Il modo in cui amministrazione comunale e forze politiche di Venosa si sono mosse nella discussione sulla riorganizzazione dell'Asl n. 1 non rappresenta una bella pagina per il centrosinistra del Vulture e dell'Alto Bradano. Localismo e populismo non sono una buona moneta per questa parte dello schieramento politico e quando ad essi si lascia libero corso è sempre la destra, alla fine, ad avvantaggiarsene.

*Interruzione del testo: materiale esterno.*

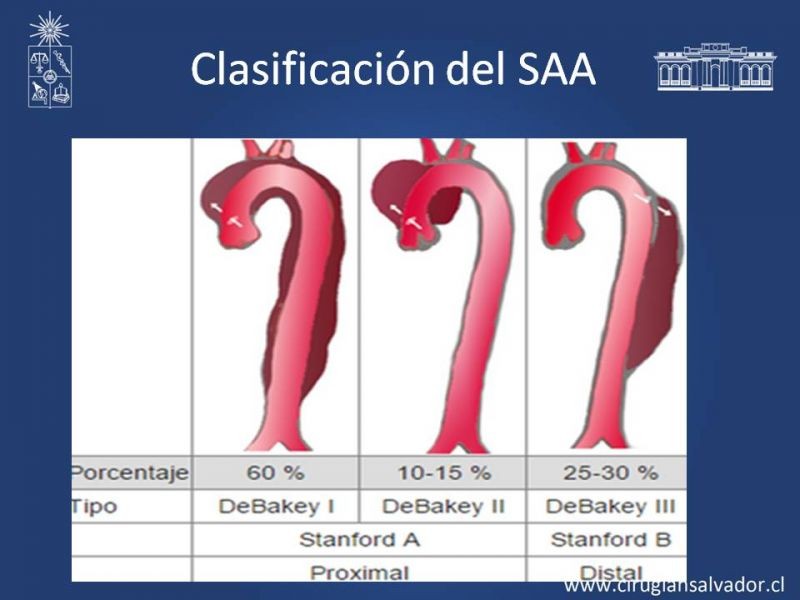 Diapositiva 15 de Síndrome Aórtico Agudo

E' prevalsa una concezione della politica, tipica di alcuni esponenti locali della Margherita, intesa insieme come pressione lobbistica e trattativa sottobanco con gli esponenti della giunta regionale. E questo non fa bene all'immagine di un'area della regione che spesso a ragione non tollera il centralismo con cui le istituzioni regionali affrontano i problemi e cercano le soluzioni.

Non deve sfuggire a nessuno che accogliere un piano sanitario che punta a una razionalizzazione della rete ospedaliera nella parte nord della Basilicata fondata essenzialmente sul ricongiungimento in un unico ospedale degli interventi per gli acuti e per l'urgenza è nell'interesse dei cittadini, anche di quelli di Venosa e dei comuni del Bradano. E sarebbe sicuramente meglio se la passione con cui si discute di ospedali fosse applicata a alcuni ritardi che durano nell'attuazione dei servizi del 118.

Si sarebbe potuto, quando alcuni anni fa si è discusso il piano sanitario regionale, obiettare che questi servizi dovessero essere accentrati su Venosa, che ha una collocazione più baricentrica rispetto a Melfi soprattutto per i comuni del Bradano. Ma allora non lo si è fatto, e ora si è di gran lunga fuori tempo massimo. Per il futuro si vedrà.

E' auspicabile che sul tema della sanità nel Vulture-Melfese un'intesa venga al più presto raggiunta e, probabilmente, la scelta di scorporare l'ospedale di Pescopagano dall'Asl n. 1 può costituire un contributo a trovare un accordo. Ma resta il modo di concepire l'azione politica e il rapporto con i cittadini, di cui in queste settimane abbiamo avuto un qualche esempio, che deve essere radicalmente cambiato. E credo sia ora di farlo.